All about Amy Remmele
Amy has her degree in psychology and has over 25 years of coaching and consulting experience, working with individuals and businesses to change behaviors and cultures. Amy Remmele has helped create change in so many lives and businesses that she is often referred to as the “People Whisperer.” Amy has created dozens of trainings and has facilitated hundreds in the areas of workplace interactions and relationships, customer service, sales, goal setting, human motivation, and Optimism.
Amy is the author of Chief Life Officer: Your Life Is The Most Important Business You’ll Ever Own (CLO), and the communication chapter of the best-selling book, GameChangers. Amy also co-authored, with Dr. Kent Bath, the book, Re-Phrase It: Adding Empathy and Emotional Intelligence to Your Everyday Life, and the relationship workbook and DVD, Empathy, Communication and Conflict Resolution Home Study Program. Amy wrote a monthly column called “Ask The Life Coach,” for the After 50 News for six years and a column for the newsletter of the Buffalo Niagara chapter of the National Association of Women Business Owners. Amy writes for The Examiner.com and selfgrowth.com.

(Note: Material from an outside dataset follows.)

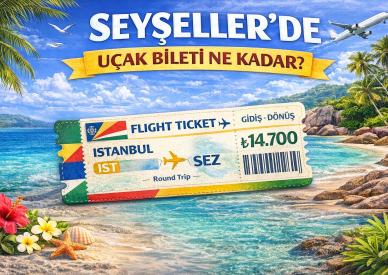 Seyşeller uçak bileti ne kadar?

Amy was involved with the National Association of Women Business Owners (NAWBO) for five years as a Program Chair, a Board Member and the Awards Chair. Amy served on the Board of Directors of the Canisius College Women’s Business Center and on the Mentoring Committee and the Networking Committee. Amy was also on the Board of Directors and serves on the Mentoring Committee and as a Mentor of University of Buffalo Center for Entrepreneurial Leadership (CEL). Amy received the Women of Influence award from Business First in 2009. Amy is a member of the National Speakers Association and judged DECA at the state level for several years. Amy has served as the convener of the Amherst Task Force for Healthy Communities, as a member of the Advisory Board of the Small Business Council and a board of director of he Amherst Chamber of Commerce. Amy was awarded Volunteer of the Year by the Amherst Chamber in 2005.